Predictive models We generate recourses for a variety of linear and non-linear models: deep neural networks (DNNs), SVMs, and logistic regression (LR). Here, we present results for a 3-layer DNN and LR; remaining results are included in the Appendix. Results presented here are representative of those for other model families.

Baselines We compare our framework, ROAR, to the following state-of-the-art baselines: (i) counterfactual explanations (CFE) framework outlined by Wachter et al. [31], (ii) actionable recourse (AR) in linear classiﬁcation [26], and (iii) causal recourse framework (MINT) proposed by Karimi et al. [14]. While CFE leverages gradient computations to ﬁnd counterfactuals, AR employs a mixed integer programming based approach to ﬁnd counterfactuals that are actionable. The MINT framework operates on top of existing approaches for ﬁnding nearby counterfactuals. We use the MINT framework on top of CFE and ROAR and refer to these two approaches as MINT and ROARMINT respectively. As the MINT framework requires access to the underlying causal graph, we

experiment with MINT and ROAR-MINT only on the German credit dataset for which such a causal graph is available.

Cost functions Our framework, ROAR, and all the other baselines we use rely on a cost function c that measures the cost (or effort) required to act upon the prescribed recourse. Furthermore, our approach as well as several other baselines require the cost function to be differentiable. So, we consider two cost functions in our experimentation: ℓ1 distance between the original instance and the counterfactual, and a cost function learned from pairwise feature comparison inputs (PFC) [13, 26, 23]. PFC uses the Bradley-Terry model to map pairwise feature comparison inputs provided by end users to the cost required to act upon the prescribed recourse for any given instance x. For more details on this cost function, please refer to Rawal and Lakkaraju [23]. In our experiments, we follow the same procedure as Rawal and Lakkaraju [23] and simulate the pairwise feature comparison inputs.

Setting and implementation details We partition each of our synthetic and real world datasets into two parts: initial data (D1) and shifted data (D2). In the case of real world datasets, D1 and D2 can be logically inferred from the data itself e.g., in case of the German credit dataset, we consider the initial version of the dataset as D1 and the corrected version of the dataset as D2. In the case of synthetic datasets, we generate D1 and D2 as described earlier where D2 is generated by shifting D1 (See "Synthetic data" in Section 5.1).

We use 5-fold cross validation throughout our real world and synthetic experiments.

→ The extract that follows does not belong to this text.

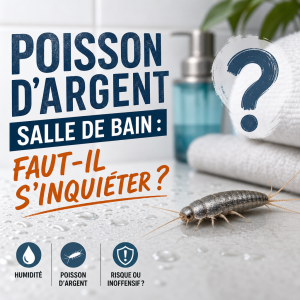 Gros plan d’un poisson d’argent sur une surface de salle de bain, avec texte sur l’humidité et les risques.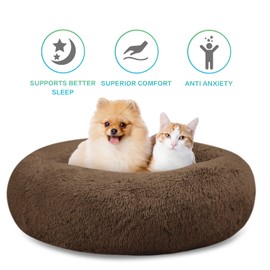 SAVFOX Plush Calming Dog Beds, Donut Dog Bed for Small Dogs, Medium, Large & X-Large, Comfy Cuddler Dog Bed and Cat Bed in Faux Fur, Washable Dog Bed, Multiple Sizes XS-XXL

On D1, we use 4 folds to train predictive models and the remaining fold to generate and evaluate recourses. We repeat this process 5 times and report averaged values of our evaluation metrics. We leverage D2 only to train the shifted models M2. More details about the data splits, model training, and performance of the predictive models are included in the Appendix.

We use binary cross entropy loss and the Adam optimizer to operationalize our framework, ROAR. Our framework, ROAR, has the following parameters: the set of acceptable perturbations (deﬁned in practice by δmax) and the tradeoff parameter λ. In our experiments on evaluating robustness to real world shifts, we choose δmax = 0.1 given that continuous features are scaled to zero mean and unit variance. Furthermore, in each setting, we choose the λ that maximizes the recourse validity of M1 (more details in Section 5.1 "Metrics" and Appendix). In case of our synthetic experiments where we assess the impact of the degree (magnitude) of data distribution shift, features are not normalized, so we do a grid search for both δmax and λ. First, we choose the largest δmax that maximizes the recourse validity of M1 and then set λ in a similar fashion (more details in Appendix). We set the parameters of the baselines using techniques discussed in the original works [31, 14, 26] and employ a similar grid search approach if unspeciﬁed.

Following the precedents set forth in [26] and [23], we adapt AR and ROAR to non-linear models by ﬁrst generating local linear approximations of these models using LIME [25]. We refer to these variants as AR-LIME and ROAR-LIME respectively.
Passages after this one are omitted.